Treinadora há mais de dez anos, Cláudia Estanislau diz que, em Portugal, “qualquer um pode ser treinador, saiba ou não o que está a fazer”. Trata-se de “um vazio perigoso, tanto para tutores como para treinadores”, já que “há quem o faça sem formação”. Quando é contactada por tutores de cães potencialmente perigosos, a proprietária da It’s All About Gogs avisa que o certificado que passa não tem validade legal porque não tem formação dada pelas forças policiais. “Alguns avançam na mesma para o treino, porque reconhecem que é essencial educar os animais.”
Nos últimos dias foram noticiados três casos de ataques de cães a crianças, uma delas ferida com gravidade por um rottweiler, que passeava com o tutor, sem trela e sem açaime. Desde 2013 que é obrigatório que os detentores de cães perigosos e potencialmente perigosos sejam titulares de um comprovativo de formação e que o treino destes cães seja apenas ministrado por treinadores certificados por entidades autorizadas: GNR e PSP, de acordo com o que foi determinado legalmente em 2015. “Para definir as normas técnicas aplicáveis à certificação de treinadores e o programa de formação dos detentores de cães perigosos, foi criado um grupo técnico que reuniu elementos da PSP, GNR e DGAV, o qual concluiu recentemente os trabalhos”, explicou, em comunicado, o MAI, que prevê que a formação comece “até ao final do segundo trimestre deste ano”.
Uma formação que Cláudia ainda não sabe se irá fazer, porque “o treino que normalmente é dado pela GNR não é adequado para animais de companhia”. Baseia o seu treino no “reforço positivo”, já que “está provado cientificamente que tudo o que assuste ou magoe o cão provoca comportamentos agressivos”. É com a socialização – exposição a outros animais, pessoas, ruído, ambientes – que o treino começa, entre os dois e os quatro meses.
Segue-se o “treino de controlo de comportamento”: chamamento, sentar, deitar, autocontrolo. “Os treinadores ensinam técnicas aos tutores para lidarem com o cão a vida toda.” Vende pacotes de oito aulas, mas tudo depende dos objetivos do cliente. A ideia é ter o comportamento do animal controlado, mas não só dos cães potencialmente agressivos, já que “qualquer cão pode morder ou ter um comportamento agressivo. “Mais de 90% dos ataques podiam ser evitados. Os cães não têm culpa, reagem a um conjunto de estímulos.”

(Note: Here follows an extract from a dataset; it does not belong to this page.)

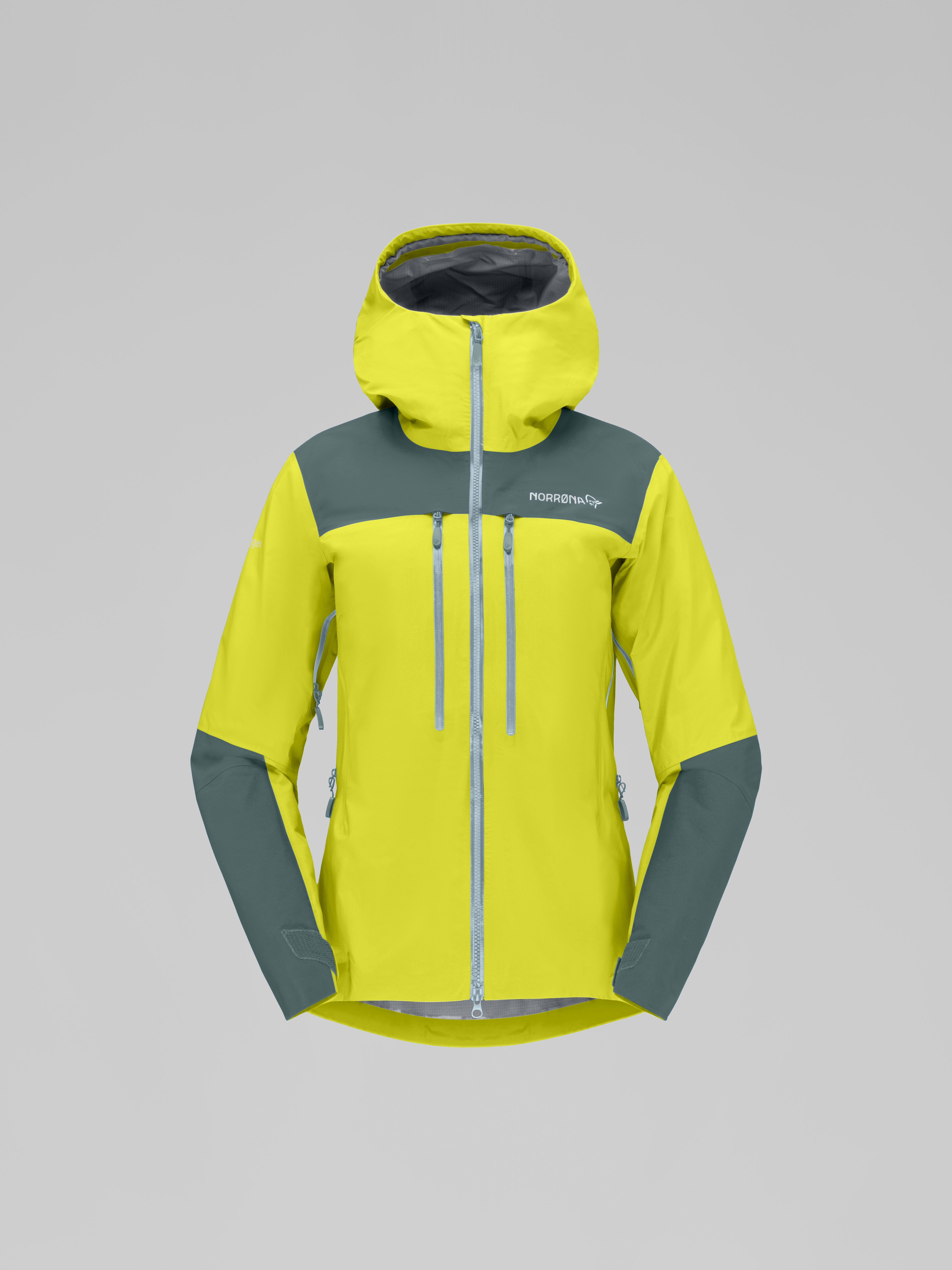 Packshot front image of trollveggen Gore-Tex Pro Light Jacket Sulphur Spring/North Atlantic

No ano passado, a GNR registou um total de 235 ataques e 284 vítimas; neste ano foram 71. Segundo a DGAV, mais de 23 mil cães perigosos ou potencialmente perigosos foram registados nos últimos 13 anos, estando hoje ativos 16 276 registos no primeiro caso e 1496 no segundo, num total de 726 395 cães de todas as categorias.
Pedro Silva, especialista em treino canino, diz que a maioria dos cães que treina são “rafeiros” que se tornaram agressivos e não os considerados potencialmente perigosos. E os dois cães “verdadeiramente perigosos” que encontrou eram “labradores”. No que diz respeito ao treino, há raças mais “teimosas” e “independentes”, assim como há outras que foram “feitas para colaborar com o homem” e que respondem melhor.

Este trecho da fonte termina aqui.